When the CAP trial participants were seen at 5 years of age, caffeine therapy was no longer associated with a significantly lower risk of death or disability (21.1% vs. 24.8%; aOR = 0.82; 95% CI, 0.65–1.03; P = 0.09). Interestingly, the incidence of cognitive impairment at 5 years was similar in the placebo- and caffeine-treated groups and was lower than at 18 months, but gross motor impairment was less severe in the caffeine-treated infants, who had better motor coordination and visual perception. The rate of developmental coordination disorder (a form of motor dysfunction not associated with cerebral palsy or cognitive dysfunction, defined as motor performance less than the fifth percentile on the Movement Assessment Battery for Children) was lower in the caffeine-treated group (11.3% vs. 15.2%; OR = 0.71; 95% CI, 0.52–0.97; P = 0.032). This was felt to be an important finding, because developmental coordination disorder is associated with learning disabilities, poor school performance, behavioral problems, poor social skills, and low self-esteem. The CAP trial has now followed 76% of the original cohort to 11 years of age, when the primary outcome was functional impairment defined as a composite of poor academic performance, motor impairment, and behavior problems. Rates of functional impairment were not significantly different between the groups, but caffeine therapy was associated with a reduced risk of motor impairment (19.7% vs. 27.5%; OR = 0.66; 95% CI, 0.48–0.90; P = 0.009).

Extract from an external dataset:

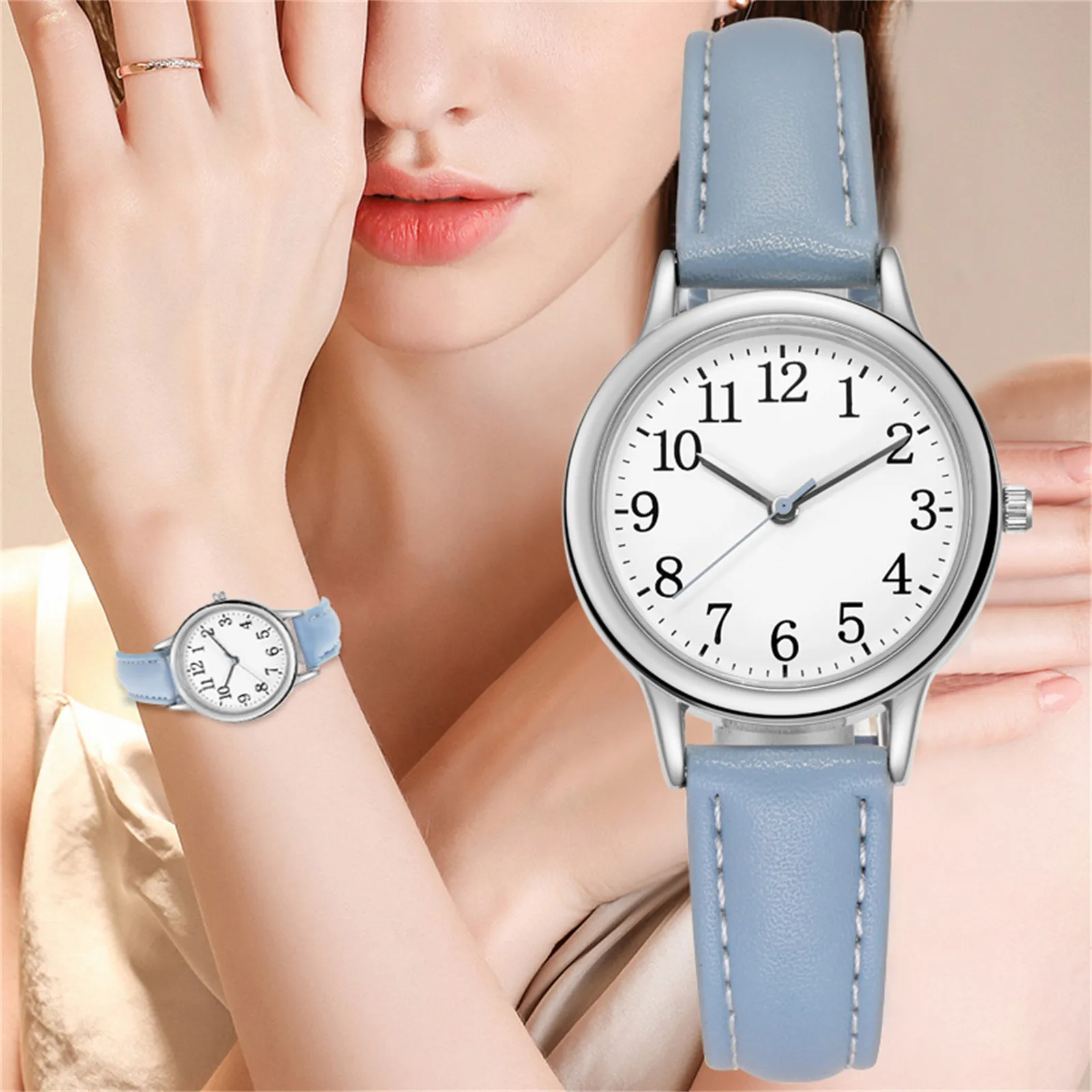 

Ladies Diamond-Studded Luminous Retro Female Watch Leather Belt Quartz Watch Women Simplicity Casual Decoration Wristwatches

Caffeine has been called a silver bullet in neonatology because of its wide therapeutic index, tolerability, and efficacy in reducing bronchopulmonary dysplasia, patent ductus arteriosus, severe retinopathy of prematurity, and neurodevelopmental disability. Few drugs used in the neonatal period have been tested in RCTs with follow-up out to 11 years with continued evidence of benefit. The exact mechanisms responsible for neuroprotection remain incompletely elucidated. Brain microstructural changes consisting of improved myelination have been seen in the caffeine-treated group, and larger MRI studies are underway to better understand this finding.